Sebagaimana tagline Undana adalah pendidikan tinggi bermutu, relevan, dan berdaya saing maka Undana perlu ada pembenahan agar dapat meraih peringkat baik pada tataran lokal, nasional, regional dan global.
Mutu dan pengembangan Undana dengan predikat kampus negeri pertama dan tertua di NTT mestinya tak perlu diragukan lagi. Peringkat 147 nasional artinya masih jauh dari harapan.
“Yang paling utama adalah menciptakan habitus kampus berbasis riset dan publikasi yang bermutu. Bagaimana mungkin bisa mengembangkan strategi dan isi (materi) pendidikan dan pengajaran berbasis hasil penelitian? Bagaimana dosen dan mahasiswa melakukan pengabdian terhadap masyarakat berbasis hasil penelitian?” katanya.
Menurutnya, indikator publikasi jurnal tidak mungkin maju dan berkembang jika tidak ada penelitian yang memadai. Tagline bermutu harus tercermin dalam mutu dosen, mutu mahasiswa, dan mutu lulusan. Relevan berarti mampu menjawab kebutuhan masyarakat secara lokal, nasional, dan global. Berdaya saing artinya mampu melahirkan keunggulan-keunggulan, setidaknya menjadi perguruan tinggi terfavorit, yang kemudian walaupun biaya kuliahnya mahal namun tetap diminati.

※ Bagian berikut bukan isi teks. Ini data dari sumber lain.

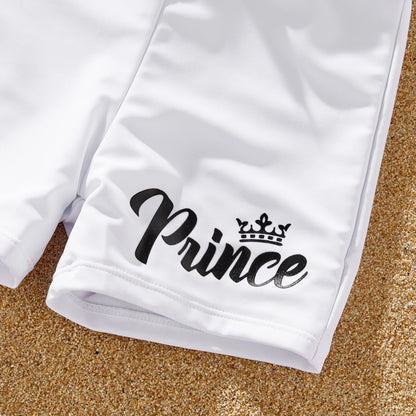 Close-up of white letter print bow swimsuit, part of a family matching swimwear set.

Dijelaskan, publikasi yang bermutu dihasilkan dari penelitian yang bermutu dan penelitian yang bermutu umumnya membutuhkan dana yang besar pula. Hal ini tentunya sangat dibutuhkan fleksibilitas dalam pengelolaan sumber dana PNBP. Pemanfaatannya harus mengoptimalkan proses dan hasil Tri Dharma Perguruan Tinggi.
Prof. Simon berujar, mimpi menjadikan Undana sebagai kampus berskala global adalah sebuah keniscayaan. Untuk mencapai Word Class University paling utama adalah menciptakan manajemen yang berorientasi mutu.
Paling pertama, beber dia, utamakan peningkatan mutu yang bisa menarik mahasiswa asing. Dari sini ada transfer pengetahuan dam keterampilan berbasis teknologi yang dibutuhkan pada tataran global. Kerja sama dengan lembaga dan perusahaan asing perlu dirintis dengan mengembangkan program studi dan unit bisnis berskala global.
“Menteri mendorong kebijakan kampus merdeka dan merdeka belajar. Maka jangan takut mengirimkan mahasiswa Undana untuk memprogram mata kuliah tertentu pada kampus di luar negeri,” tegas Profesor yang kini aktif melakukan penelitian budaya dan linguistik lintas bidang ini.